On 04/13/2012 01:29 AM, Michal Privoznik wrote:
On 12.04.2012 21:59, Eric Blake wrote:
I'm tired of shell-scripting to wait for completion of a block pull, when virsh can be taught to do the same. I couldn't quite reuse vshWatchJob, as this is not a case of a long-running command where a second thread must be used to probe job status (at least, not unless I make virsh start doing blocking waits for an event to fire), but it served as inspiration for my simpler single-threaded loop. There is up to a half-second delay between sending SIGINT and the job being aborted, but I didn't think it worth the complexity of a second thread and use of poll() just to minimize that delay.
@@ -7295,8 +7295,9 @@ repoll: }
GETTIMEOFDAY(&curr); - if ( timeout && ((int)(curr.tv_sec - start.tv_sec) * 1000 + \ - (int)(curr.tv_usec - start.tv_usec) / 1000) > timeout * 1000 ) { + if (timeout && (((int)(curr.tv_sec - start.tv_sec) * 1000 + + (int)(curr.tv_usec - start.tv_usec) / 1000) > + timeout * 1000)) { /* suspend the domain when migration timeouts. */ vshDebug(ctl, VSH_ERR_DEBUG, "%s timeout", label); if (timeout_func)

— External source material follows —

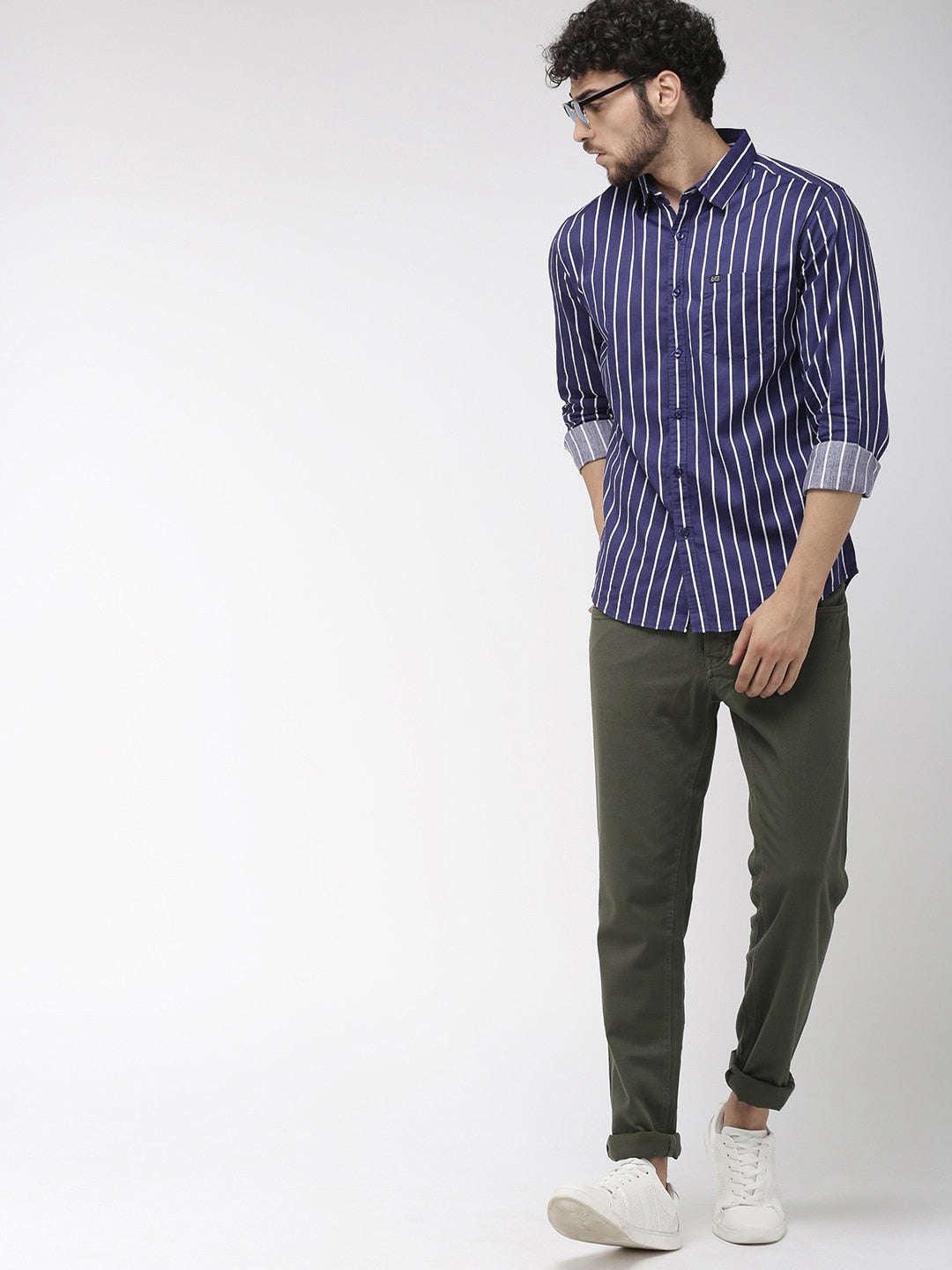 Men's Casual Striped Shirt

These two chunks are rather cosmetic but I'm okay with having them in this patch not a separate one.
I noticed them because I was copying and pasting from them. Depending on whether I spot other cleanups for my v2, I may split the cleanups into a separate patch.
+ while (blocking) { + virDomainBlockJobInfo info; + int result = virDomainGetBlockJobInfo(dom, path, &info, 0); + + if (result < 0) { + vshError(ctl, _("failed to query job for disk %s"), path); + goto cleanup; + } + if (result == 0) + break; + + if (verbose) + print_job_progress(_("Block Pull"), info.end - info.cur, info.end); + + GETTIMEOFDAY(&curr); + if (intCaught || (timeout && + (((int)(curr.tv_sec - start.tv_sec) * 1000 + + (int)(curr.tv_usec - start.tv_usec) / 1000) > + timeout * 1000))) { + vshDebug(ctl, VSH_ERR_DEBUG, + intCaught ? "interrupted" : "timeout"); + intCaught = 0; + timeout = 0; + quit = true; + if (virDomainBlockJobAbort(dom, path, 0) < 0) { + vshError(ctl, _("failed to abort job for disk %s"), path); + goto cleanup; + }
Don't we need blocking = false; here? Otherwise we may spin another rounds and issue GetBlockJobInfo API over and over again. But on the other hand, I can imagine this is desired behavior. If BlockJobAbort succeeds and returns 0 (we are enforcing synchronous operation here) it should mean that block job has really been aborted. Therefore we may issue GetBlockJobInfo to ascertain ourselves.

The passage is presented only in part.